La guerra del Nespresso

Nestlé denuncia un concorrente americano che produce cialde compatibili col suo sistema di culto per il caffè

L’introduzione nelle case di mezzo mondo delle macchine per il caffè a cialde ha rivoluzionato il rapporto di molti con il caffé, creato nuove abitudini e culti, e sovreccitato alcune aziende multinazionali che le producono: prima fra tutte la Nestlé, produttrice del sistema Nespresso, quello con le cento sfumature di sapore ognuna con la sua cialdina di un colorino diverso, vendute in negozi che assomigliano a gioiellerie (a prezzi che assomigliano a quelli delle gioiellerie) e comprate con devozione collezionista da schiere di appassionati.

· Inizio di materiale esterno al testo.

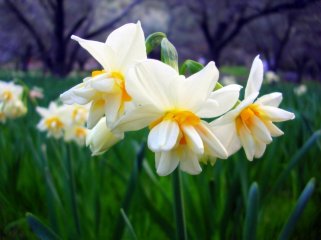 nergis-satan-yandi-2035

Ma sono molti anche i concorrenti con i loro diversi sistemi – ognuno col suo set di cialde dedicate – e molti gli imitatori. E alcuni esagerano, secondo Nestlé: che oggi ha annunciato di aver denunciato la società alimentare americana Sara Lee per violazione del suo brevetto rispetto alla commercializzazione in Francia di una linea di cialde compatibili con le macchine Nespresso: L’or Espresso.

La questione ricorda quello che sta avvenendo su palcoscenici più visibili con computer e nuove tecnologie: la tendenza – discussa soprattutto per quanto riguarda Apple – a creare “sistemi chiusi” le cui componenti siano interamente gestite e vendute dalla casa produttrice del sistema.

Nestlé aveva concesso la licenza di produzione degli apparecchi per il caffè ad alcune società di elettrodomestici dal 2000, e da allora Nespresso (che esisteva dal 1986) ha fatto il botto: i ricavi di Nespresso sono cresciuti del 22% nel 2009. Sara Lee dice di aver venduto in soli due mesi dodici milioni di cialde. Una seconda società – Ethical Coffee Co, fondata dall’ex CEO di Nespresso Jean-Paul Gaillard – ha commercializzato in Francia delle cialde compatibili col sistema Nespresso, ma oggi ha fatto sapere di non avere finora ricevuto denunce. Secondo un analista interpellato dalla Reuters, Nestlé vuole testare la propria forza legale e mettere in guardia altri nel timore che l’esempio delle cialde compatibili si diffonda ulteriormente.